### Exercise material

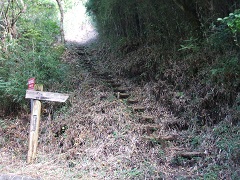 �싽�R�ւ̓o���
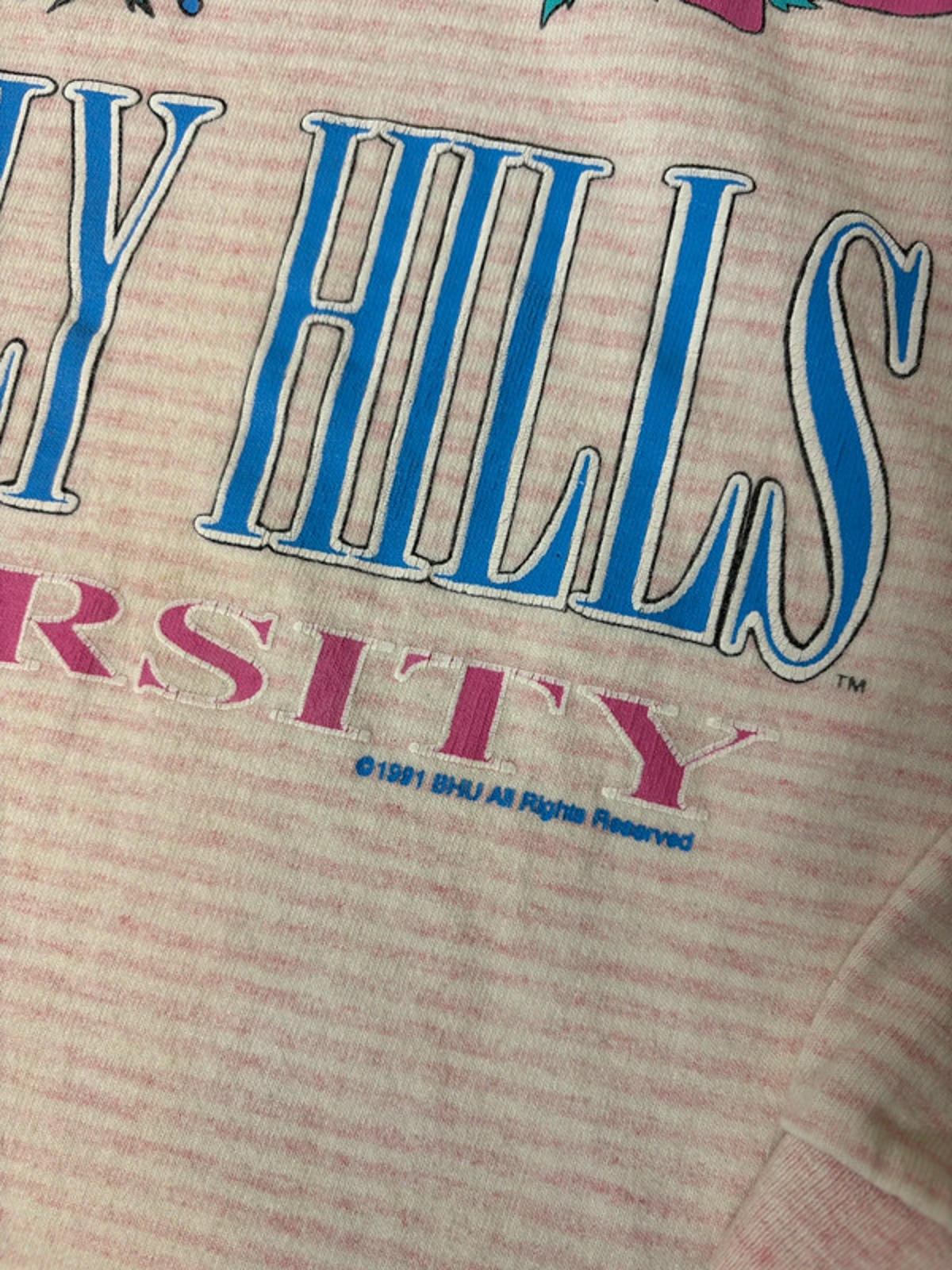 Vintage Beverly Hills University Sweatshirt (Unisex, One Size) 1991 Striped Crop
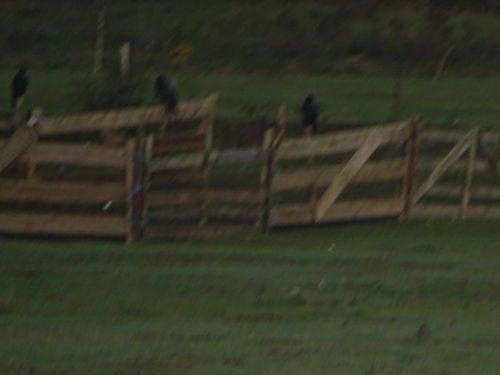Common Raven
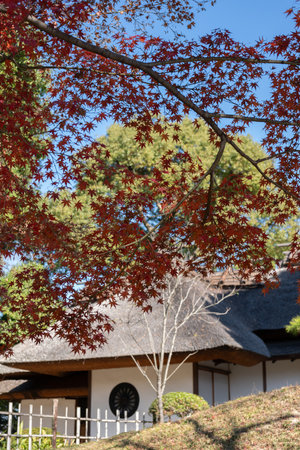 Hiroshima, Japan - December 4, 2023: Shukkeien Garden autumn sceneryのeditorial素材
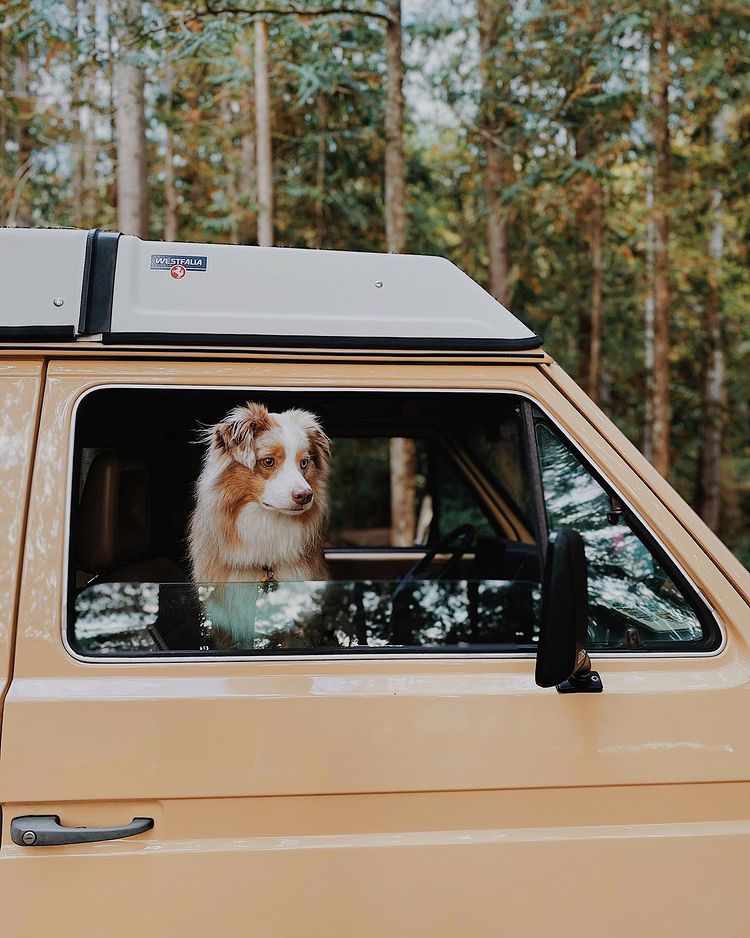 #journéeduchien
Aujourd'hui on célèbre la journée internationale du #chien !
"Il possède la beauté sans la vanité, la force sans l’insolence, le courage sans la férocité et toutes les vertus de l’homme sans ses vices"
📷 : wileythewigglebutt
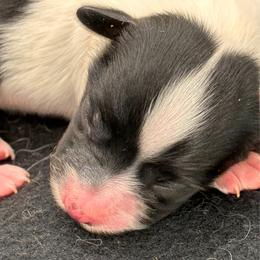 Boy - White and black male Papillon puppy in Frostproof, Florida from Sequence Papillon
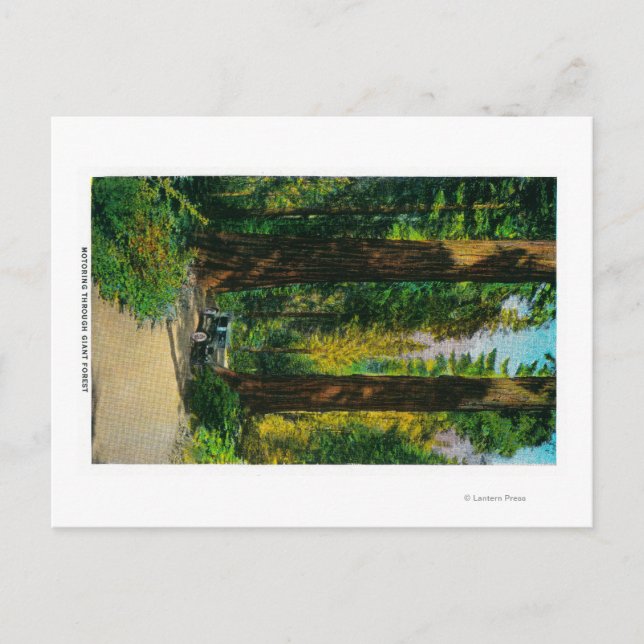 Postal Motores a través de bosques gigantes, secuoyas (Anverso)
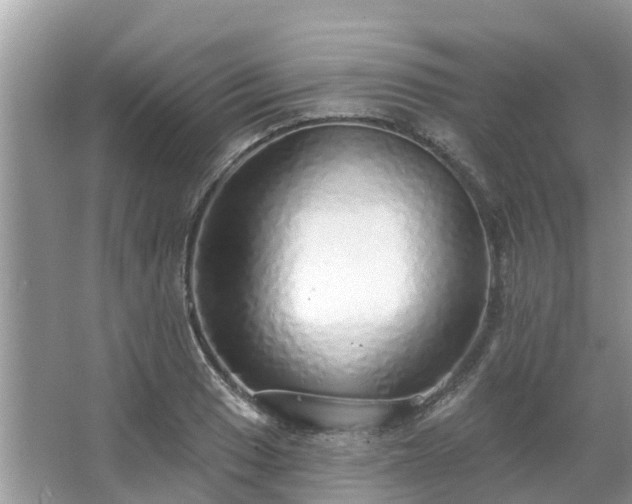 X0000063451033200601231346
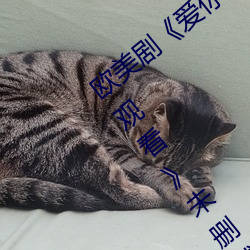 欧美剧《爱(ài)你恨你(nǐ)更想(xiǎng)你高清(qīng)国语版免(miǎn)费观看》未删减在线(xiàn)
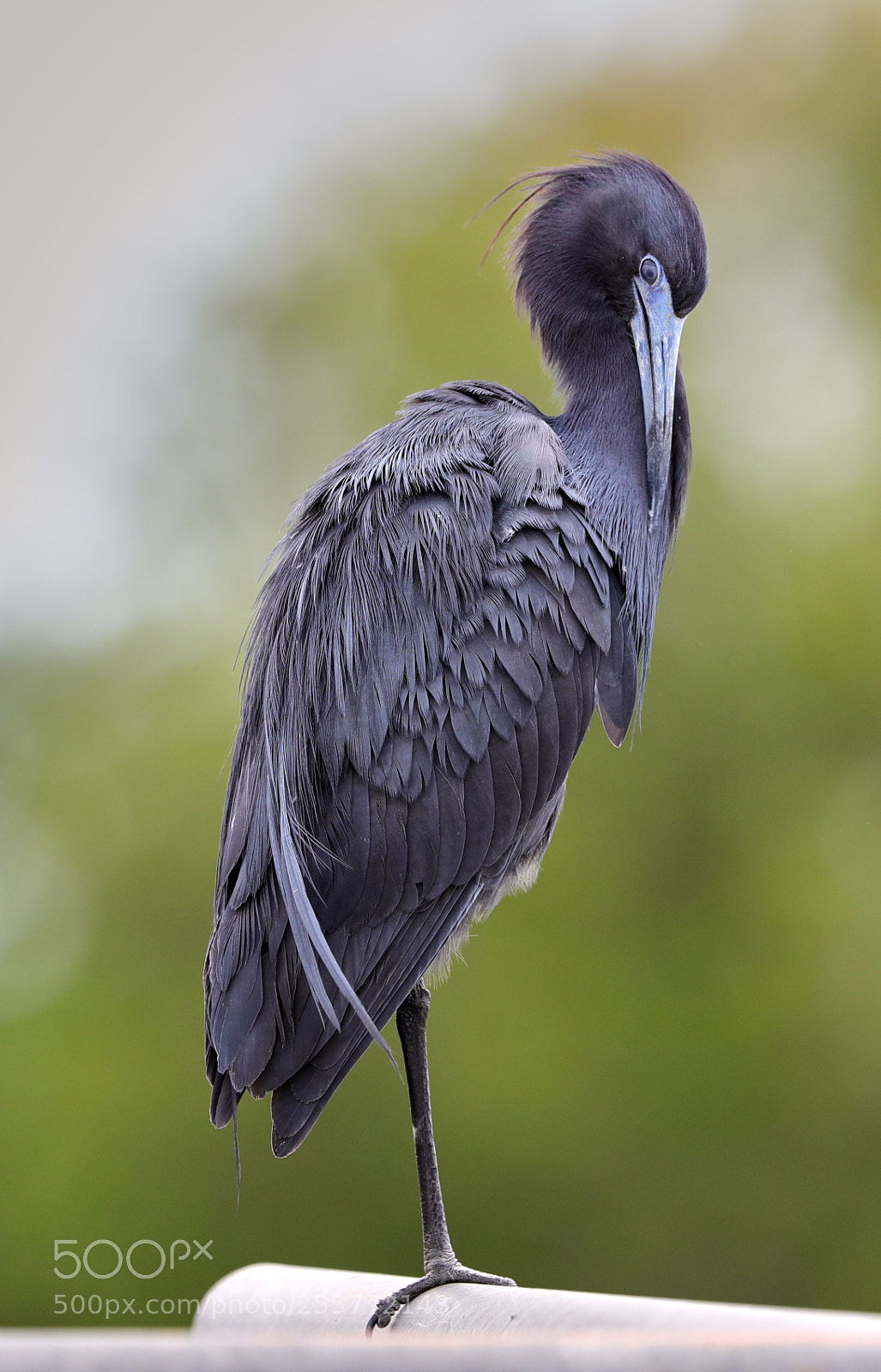 Canon EOS-1D X Mark II sample photo. 04-29-18-0015232.jpg photography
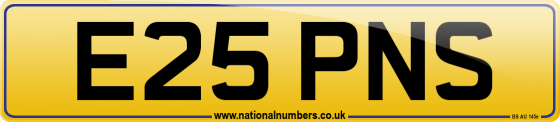 E25 PNS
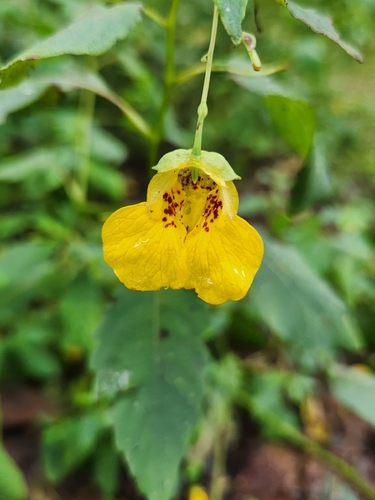 pale jewelweed
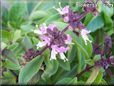 basil thai flower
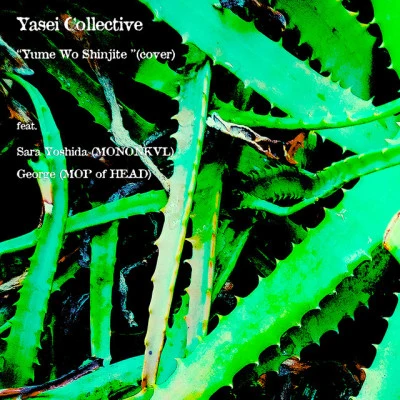 Yasei Collective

######

> **Your task**: Starting at the line that holds "Hiroshima, Japan - December", retype every line through the end of the data, both ends included. Pictures stay out of the copy.

> **Output of the exercise**:
 Hiroshima, Japan - December 4, 2023: Shukkeien Garden autumn sceneryのeditorial素材
 #journéeduchien
Aujourd'hui on célèbre la journée internationale du #chien !
"Il possède la beauté sans la vanité, la force sans l’insolence, le courage sans la férocité et toutes les vertus de l’homme sans ses vices"
📷 : wileythewigglebutt
 Boy - White and black male Papillon puppy in Frostproof, Florida from Sequence Papillon
 Postal Motores a través de bosques gigantes, secuoyas (Anverso)
 X0000063451033200601231346
 欧美剧《爱(ài)你恨你(nǐ)更想(xiǎng)你高清(qīng)国语版免(miǎn)费观看》未删减在线(xiàn)
 Canon EOS-1D X Mark II sample photo. 04-29-18-0015232.jpg photography
 E25 PNS
 pale jewelweed
 basil thai flower
 Yasei Collective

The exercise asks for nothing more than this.